May's lead narrows to four points, slender majority seen - YouGov poll

But polls taken since the opposition Labour Party and May's Conservatives released their election manifestos have shown Labour catching up, worrying investors and pushing the pound down nearly 2 cents last week. The main opposition Labour Party's share of the vote was unchanged at 33 percent.

The research showed a two-point rise for the Labour over the past week, which means the party has narrowed the Tories' lead in the polls by more than 13 points since the start of the campaign, the Guardian reported.

However, what did prove highly accurate in forecasting the outcome of the 2015 General was my market skewed perception based on my house prices trend trajectory forecast that forecast the Conservatives would win the 2015 General Election with on a single digits majority of approx 328 against the actual outcome of 330.

But despite starting off strongly ahead in polls, the Conservative Party has been losing ground in recent days.

May has stuck to her strategy of trying to focus attention on Labour leader Jeremy Corbyn, saying that he is unfit to helm Britain's Brexit negotiations when they begin in earnest later this month.

Asked if he could guarantee that all or a proportion of the one million jobs would go to British workers, Mr Corbyn said after the speech: "They would obviously be for people looking for work, the vast majority will be for people coming out of our schools and our colleges and our universities, and we will not allow anyone to only recruit overseas for jobs here".
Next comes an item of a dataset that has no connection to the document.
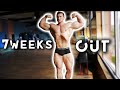JOJORUSH - VLOG TRAINING/POSING - 7 WEEKS OUT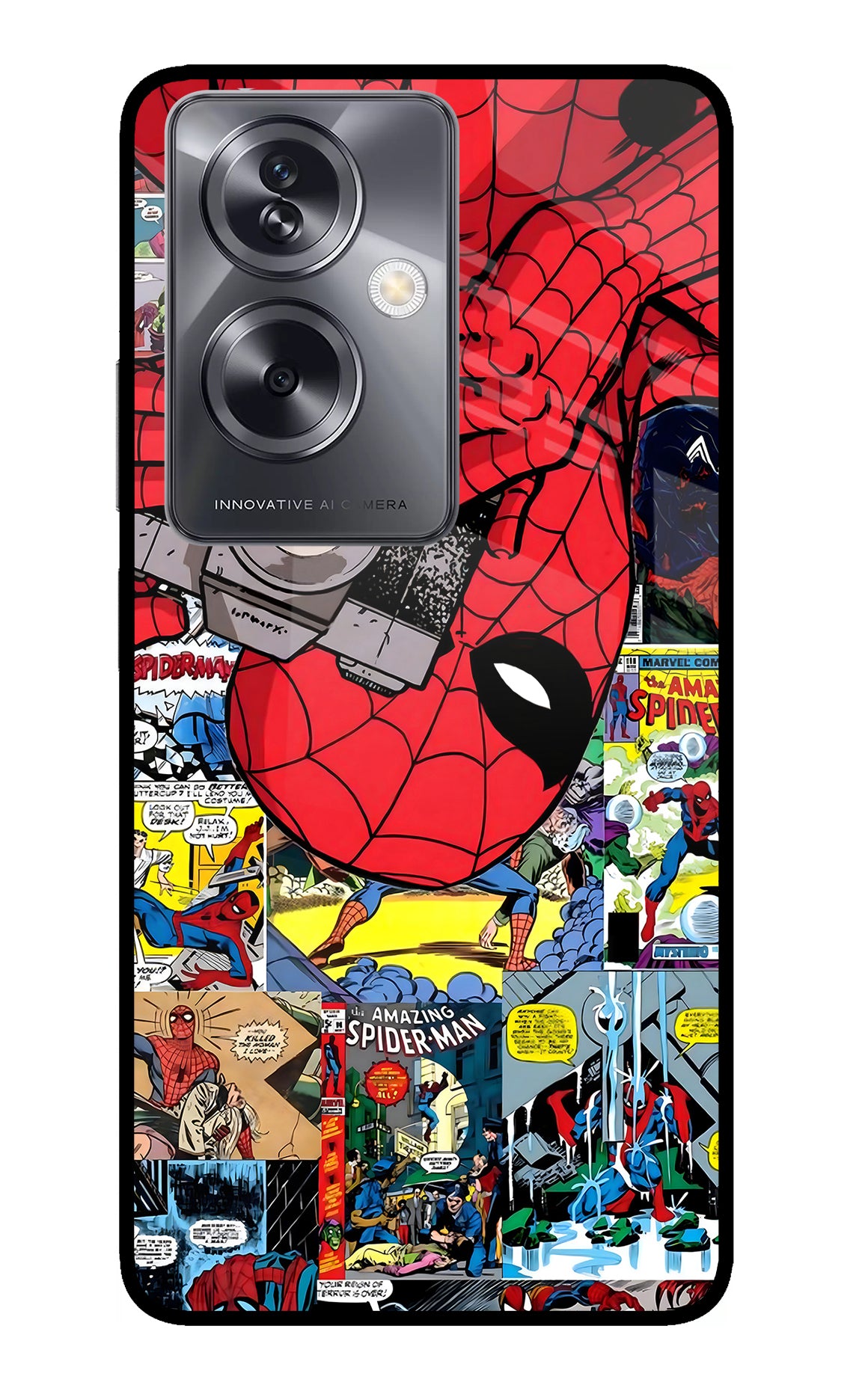 Spider Man Case for Oppo A79 5G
"Meanwhile, Labour's support still relies a great deal on younger people, who in the past have proven less likely to vote". It's partly because support for third parties is low (although UKIP have only been a factor in one general election - 2015 - so it's not as if they were taking votes from the Tories in the 1980s and 1990s).

Theresa May remains voters' preferred choice for prime minister although her personal rating is down six points on 50%.

British Prime Minister Theresa May is on course to win Thursday's election by a much smaller margin than previously predicted, opinion polls showed on Saturday, as her campaign stumbled again, this time over taxation for the wealthy.

"We will protect the people of this country from any threat that they face anywhere in the world", he said.

When Theresa May announced a snap election in April, she was widely expected to register a landslide victory over its rival, the Labour Party, in the upcoming national elections.

"I think there's complete chaos going on at the top of the Government", he told reporters during a campaign visit to Lincoln.